■ Dataset excerpts
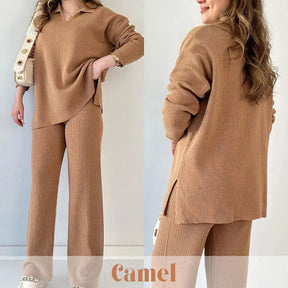 🌟V-ringat casual stickat tvådelat set med slits🔥
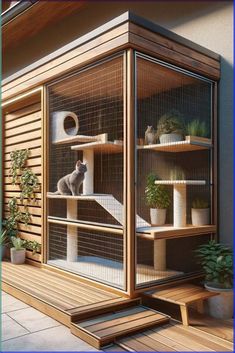 a cat sitting on top of a wooden shelf in front of a building with shelves filled with cats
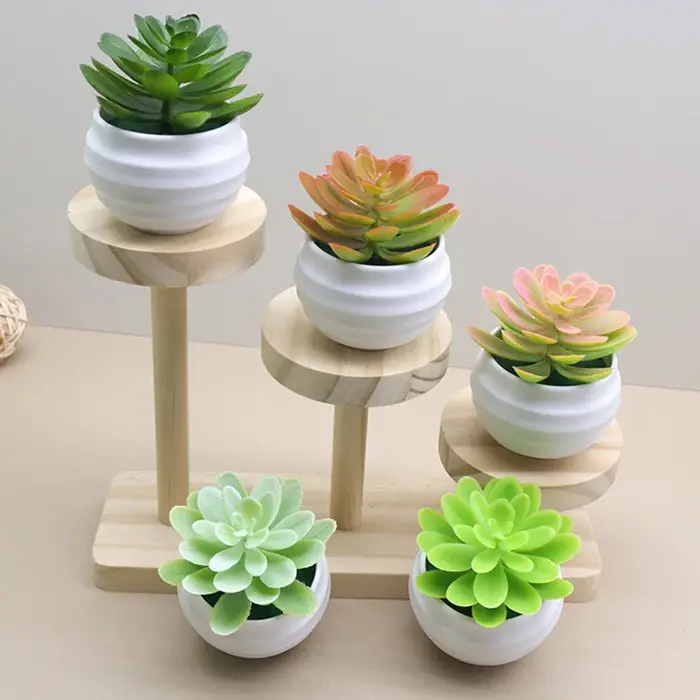 Bassin blanc en plastique de plante verte succulente artificielle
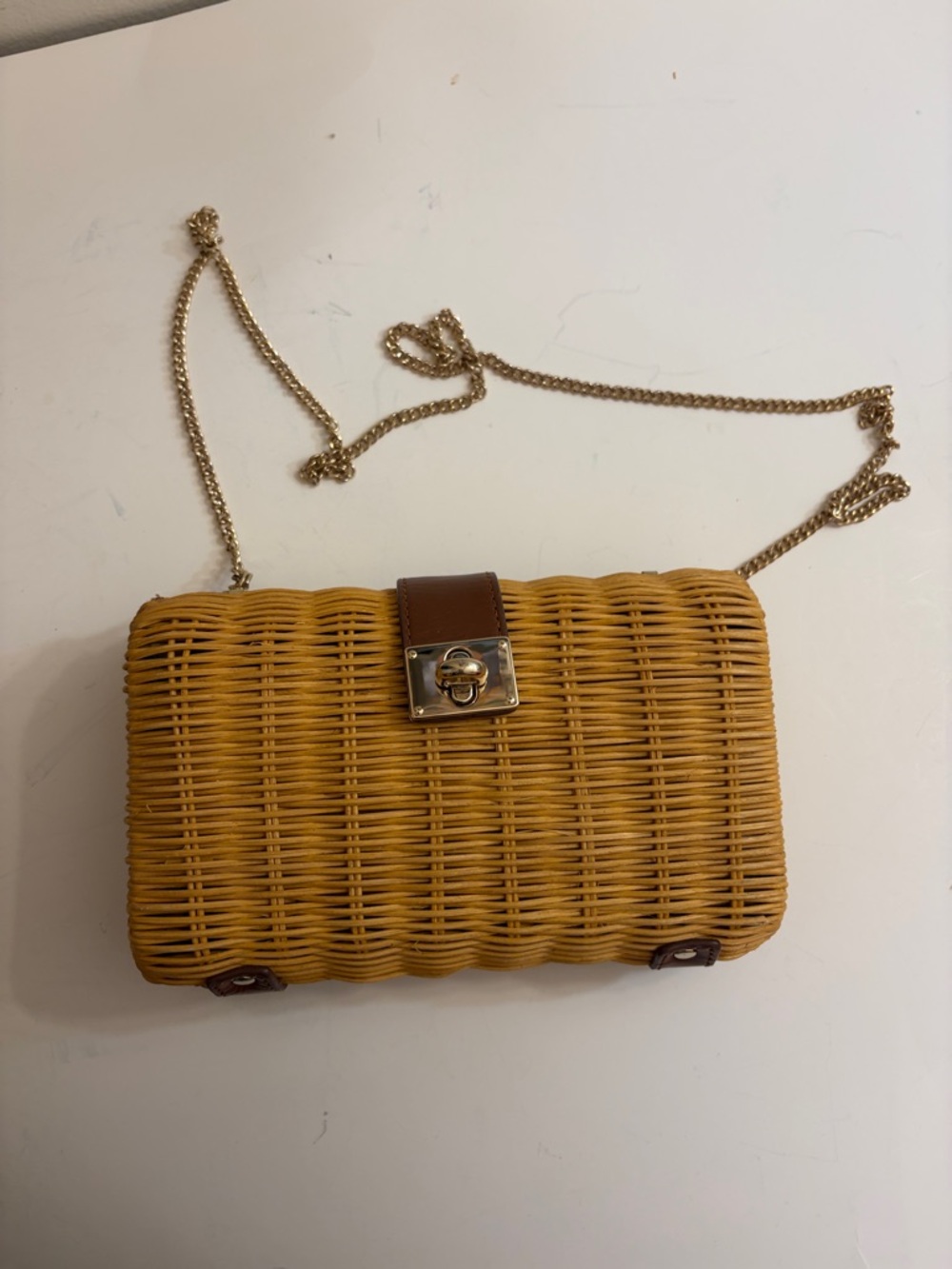 J Crew Rattan clutch purse with chain strap - Picture 5 of 11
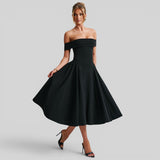 Vestido Midi Off-Shoulder Plisado
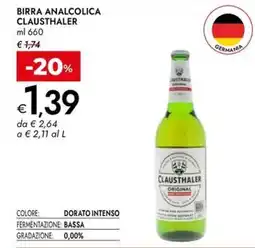Bennet Birra analcolica CLAUSTHALER offerta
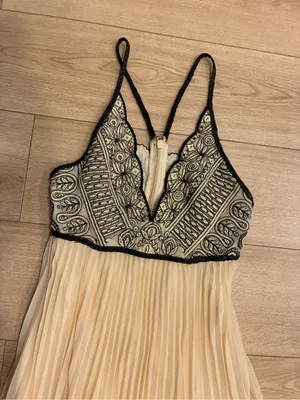 Free People Belle of the Ball Maxi Dress Leather Chiffon Halter Size 6 *READ thumbnail 3
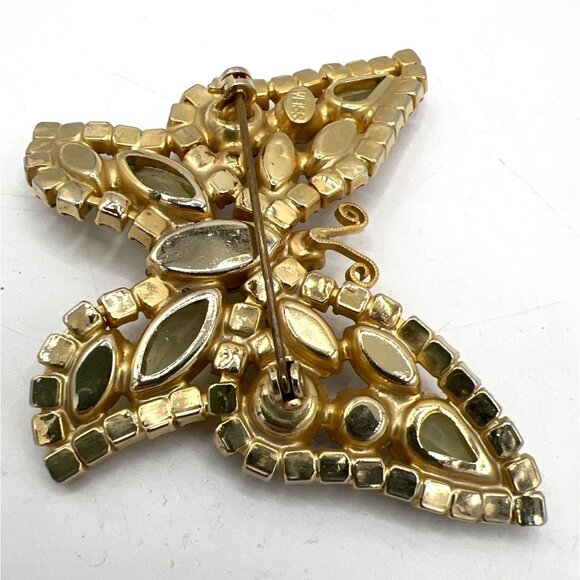 Weiss Signed Butterfly Brooch Aurora Borealis Citrine and Gold Colored Rhineston - Picture 10 of 11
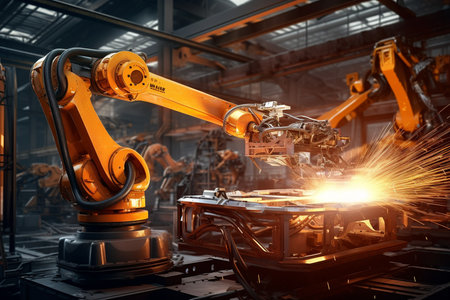 Advanced Welding Robotic Intelligent Arms Machine. Generative AIの素材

■ Assignment
Take the line containing "J Crew Rattan" and every line after it up to the end of the entries, and quote them exactly. Both ends count; the pictures do not.

■ Answer
 J Crew Rattan clutch purse with chain strap - Picture 5 of 11
 Vestido Midi Off-Shoulder Plisado
Bennet Birra analcolica CLAUSTHALER offerta
 Free People Belle of the Ball Maxi Dress Leather Chiffon Halter Size 6 *READ thumbnail 3
 Weiss Signed Butterfly Brooch Aurora Borealis Citrine and Gold Colored Rhineston - Picture 10 of 11
 Advanced Welding Robotic Intelligent Arms Machine. Generative AIの素材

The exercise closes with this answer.